Little Saigon is always an arresting place to browse when in the mood for adventurous, inexpensive dining. Nui Ngu, in a misbegotten strip mall on McFadden Avenue, specializes in the wonderfully obscure cuisine of Hue, in Central Vietnam. Bun bo Hue, a peppery beef noodle soup, and banh bot loc, sticky tapioca flour dumplings, are unforgettable. At Pagolac you can experience a phenomenon known as bo bay mon , literally “seven courses of beef.” The Vietnamese are mad for it. Unload a truck before you go.

Bagatta, 3012 Newport Blvd., Newport Beach. (714) 675-4020. Open Mondays through Thursdays from 6 to 11 p.m., Fridays and Saturdays till midnight. Sundays from 5 to 10 p.m.

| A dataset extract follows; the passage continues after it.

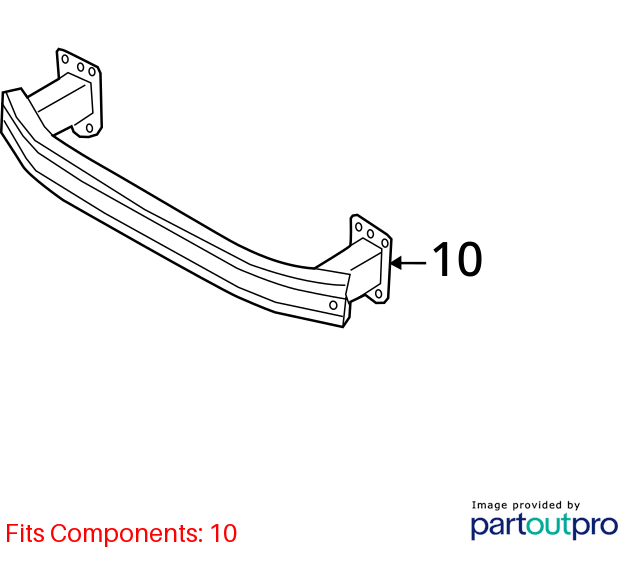 Used Front Bumper Reinforcement Front fits: 2016 Ram Promaster city Front Grade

The early returns show Bagatta out to a healthy lead in the Newport Beach Italian restaurant sweepstakes. It’s a terrific addition to the local dining scene. Chef Andrea Rogantini brings heavyweight experience to the kitchen. Owner Tony Bagatta makes a charming host. Such dishes as salmon carpaccio, latticed with a moss green pesto sauce, and dry cured bresaola make spectacular beginnings. Pastas are beautifully textured. Desserts, such as zucotto and homemade spumoni, are other-worldly.

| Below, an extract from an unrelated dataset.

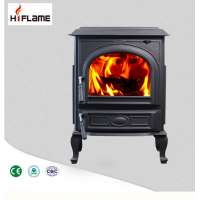 China Whole indoor free standing cast iron wood burning stove HF717UA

Sapori, 1080 Bayside Drive, Newport Beach. (714) 644-4220. Open daily from 11:30 a.m. to 10 p.m., till 11 p.m. weekends.

Sapori is a modish, elegant neighborhood trattoria where the cooking is serious. Chefs Adriano and Franco Maniacci hail from Palermo, Sicily, but play no favorites with regard to the many regions of Italan cuisine. Bruschetta di pane Saracena , triangles of roasted wheat bread with a garlic puree, are delightful, and many pastas come blanketed in savory sauces. Suprema di rombo, turbot in a leek and watercress sauce, pays homage to nouvelle. Veal Milanese is the best you’ll find anywhere.